La cábala concibe el mal como parte del juego cósmico de auto descubrimiento de la divinidad. Uno de las cuestiones más difíciles de conciliar para la teología es el problema del mal y de la destrucción como fuerza universal.
Por qué Dios permite el mal según la Cábala
La pregunta más obvia dentro de la narrativa que admite un creador es ¿por qué Dios permite el mal? ¿Por qué esta entidad, cuyos atributos comúnmente giran en torno a la suprema bondad y a la omnipotencia consiente, perpetra daño a su propia creación?.
Una forma de conciliar esto es pensar que aunque juegan el papel de opuestos, el bien y el mal son en realidad aspectos complementarios dentro del gran drama cósmico.
Sin uno no puede existir el otro
Son sólo las religiones más esotéricas, acaso con una voluntad de control, las que conciben al mal como una fuerza independiente de la divinidad, que representa una verdadera y peligrosa oposición.
Según la cábala de Isaac Luria, cuando Dios creó el universo derramó su luz infinita en una serie de vasijas que, después de llenarse de la luz divina, instantáneamente estallaron en miles de pedazos que se distribuyeron por el espacio.
Este gran evento cósmico de la ruptura de las vasijas es el origen del mal: el mal que en su primera acepción metafísica es simplemente la separación de la unidad primordial.
Los pedazos rotos de las vasijas cósmicas se conocen como “qlifots”, el opuesto complementario de los “sefirots”, las emanaciones de dios.
Los “vidrios” rotos de los qlifots, según la Cábala, son similares a conchas que atrapan la luz divina y alteran la creación en un juego de apariencias e ilusiones. Aunque alteran la imagen del universo, no modifican la esencia del universo y de la luz.
Las qlifot
Como bien detecta Paul Levy, simbolizan también las chispas de luz atrapadas del alma humana que ha olvidado su realidad divina y tienen una clara relación con los procesos psíquicos de individuación.
Al igual que ocurre con un complejo autónomo en la psicología jungiana, los qlifot aparentan tener una existencia independiente, como si se hubieran separado del todo de la luz de Dios.
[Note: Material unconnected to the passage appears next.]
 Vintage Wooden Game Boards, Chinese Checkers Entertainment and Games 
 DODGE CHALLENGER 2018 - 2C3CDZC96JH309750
Son manifestaciones de una reacción disociativa de proporciones cósmicas –pero que sin embargo son parte de la personalidad de Dios.
La paradoja se centra en que aunque la multiplicidad y la separación son las causas del “mal”, son también indispensables para cumplir el propósito del universo. Según la cábala, este cataclismo cósmico no fue ningún accidente, está embebido al esquema general de las cosas, es parte del diseño mismo.
Como un viaje heroico a escala infinita
Dios tuvo que alienarse, que dispersarse y perderse para así convertirse de nuevo, plenamente, en él mismo. Misteriosamente la unidad más profunda no se opone a la multiplicidad, sino la necesita y la celebra.
En términos arquetípicos algo similar ocurre en la psique humana, en la que es necesario atravesar todos los aspectos de la sombra –los demonios– para poder unificar y consolidar la individualidad. Jung escribe:
“En un tratado de la cábala Luriana, se desarrolla la notable idea de que el hombre está destinado a convertirse en el ayudante de Dios para restaurar las vasijas que se rompieron cuando Dios pensó crear el mundo.
Aquí emerge por primera vez la idea de que el hombre debe ayudar a Dios a restaurar el daño producido con la creación.”
¿Qué podemos tomar de esta idea conocida como Tikkun?
Acaso que el mal existe, justamente, como esa rebeldía luciferina, o como la fuerza antagónica en un drama, para que el hombre se transforme y descubra su propia naturaleza divina, restaurando la creación.